* ASSIGNMENT *
From the data below, please reproduce exactly everything from the line that contains "Stock Photo - Mid" down to the line that contains "Embrace the spirit", with both ends included.

(ENTRIES SHOWN Opens)

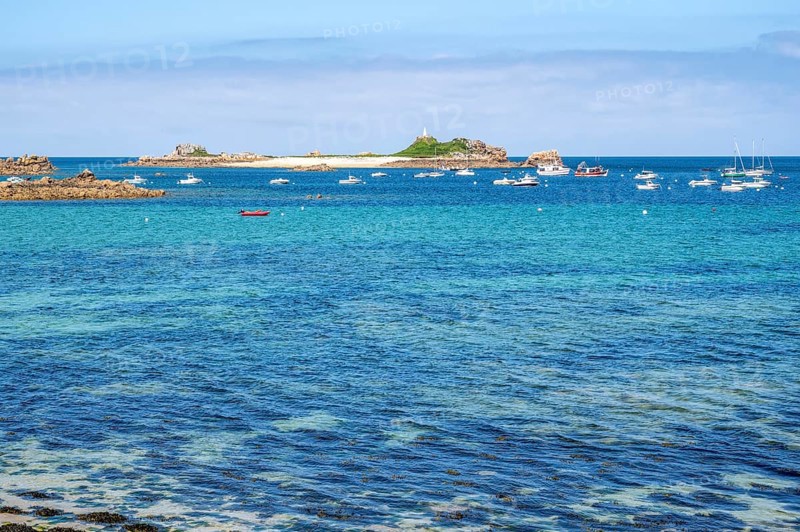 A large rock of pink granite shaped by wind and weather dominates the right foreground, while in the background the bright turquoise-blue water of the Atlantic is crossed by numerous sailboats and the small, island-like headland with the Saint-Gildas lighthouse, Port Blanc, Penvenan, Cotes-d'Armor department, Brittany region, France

(ENTRIES SHOWN Closes)
(ENTRIES SHOWN Opens)

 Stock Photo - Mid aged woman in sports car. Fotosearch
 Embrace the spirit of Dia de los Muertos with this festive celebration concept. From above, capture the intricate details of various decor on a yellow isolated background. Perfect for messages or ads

(ENTRIES SHOWN Closes)

* FINAL ANSWER *
 Stock Photo - Mid aged woman in sports car. Fotosearch
 Embrace the spirit of Dia de los Muertos with this festive celebration concept. From above, capture the intricate details of various decor on a yellow isolated background. Perfect for messages or ads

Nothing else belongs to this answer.